More Americans are dying from drug overdoses today than from gun homicides and vehicle incidents alike, he lamented, “The United States is by far the largest consumers of this drug (opioids)”. “No state has been spared, and no demographic has been untouched.” he continued in an address at the White House, accompanied by first lady Melania Trump.
“As Americans, we cannot allow this to continue…We can be the generation that ends the opioid epidemic.” the president said.
The key to tackle the problem, Trump said, is for people not to get hooked on drugs in the first place. Part of that comes through education, and teaching people that they are propping up violence through participating in the drug market.
Meanwhile, he promised his administration will spend “lots of money” to find non-addictive painkiller.
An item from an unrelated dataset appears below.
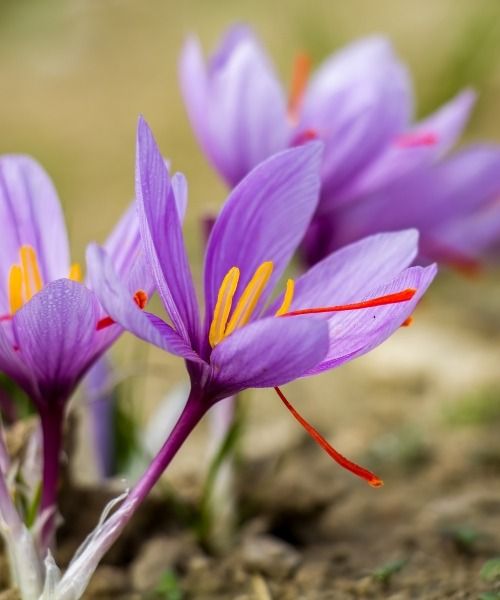 Prepare your most beautiful autumn blooms!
The president also said lawsuits lie ahead for “bad actors,” which could mean drug companies, amid national fighting to curb the epidemic.
A final report will come in from the opioid commission next week, Trump said, on recommendations for dealing with the crisis which he called “national shame” and “human tragedy”. With Trump’s declaration, the U.S. federal government will waive some regulations, give states more flexibility in how they use federal funds and expand the use of telemedicine treatment, according to White House aids who briefed reporters on Thursday morning.
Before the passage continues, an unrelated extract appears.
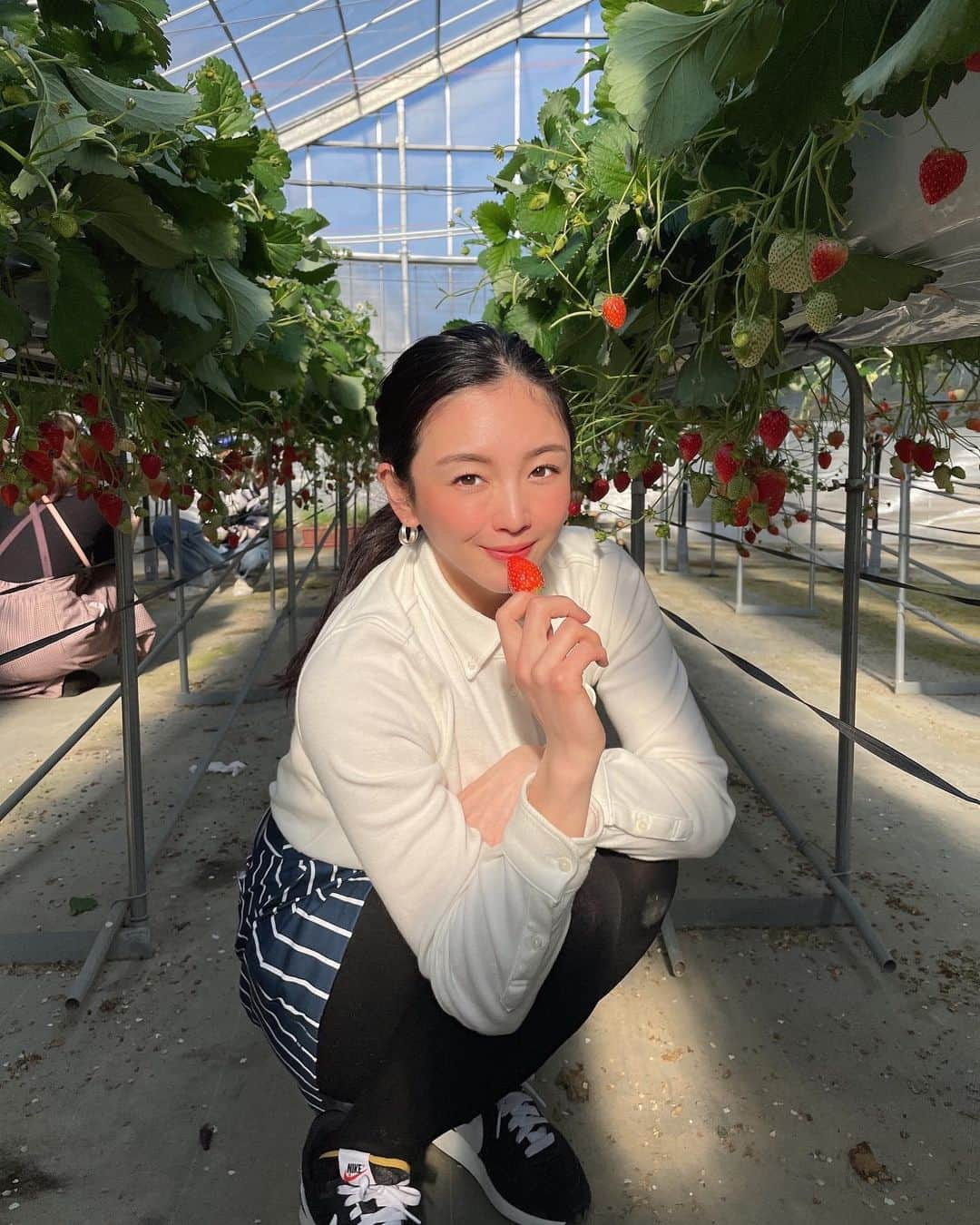 園都さんのインスタグラム写真 - (園都Instagram)「🍓  ゴルフの帰り道、 いちご農園の看板を見つけて ふらっといちご狩りへ。  いちご狩り食い選手権あったら 優勝するくらい食べました  1日中ゴルフウェア着てた。笑  いつも旅は寄り道が多め。 思わぬハプニングも珍道中も好き。 今、その瞬間、今日を楽しむよ  #いちご狩り」2月7日 18時49分 - miyakosono_official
“Addressing it will require all of our effort, and it will require us to confront the crisis in all of its real complexity,” said Trump, who has long-promised to address the epidemic that claimed more than 64,000 American lives in 2016 alone.
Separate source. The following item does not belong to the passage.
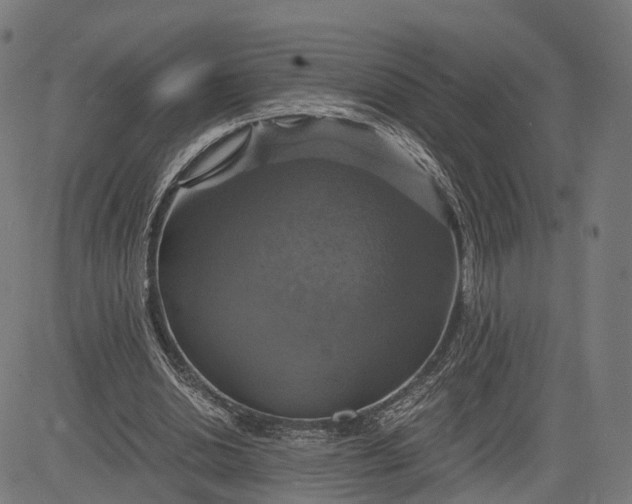 X0000084530438200703091632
However, a public health emergency is not the same as the national emergency Trump initially promised to announce in August, local analysts noted.
Unlike a national emergency, a public health emergency declared by the White House does not free up Federal Emergency Management Agency (FEMA) funding. Instead, it has to rely on existing funding to be redirected under the Public Service Act.
Furthermore, the emergency will only last 90 days, though can be repeatedly renewed every 90 days by the White House. The last time that a national public health emergency of this scope was declared in the United States was in 2009 in response to the H1N1 influenza virus.
Drug overdoses are now the leading cause of injury-related death in the country. Opioid use, which has skyrocketed in the United States since the turn of the century, is to blame for much of the increase.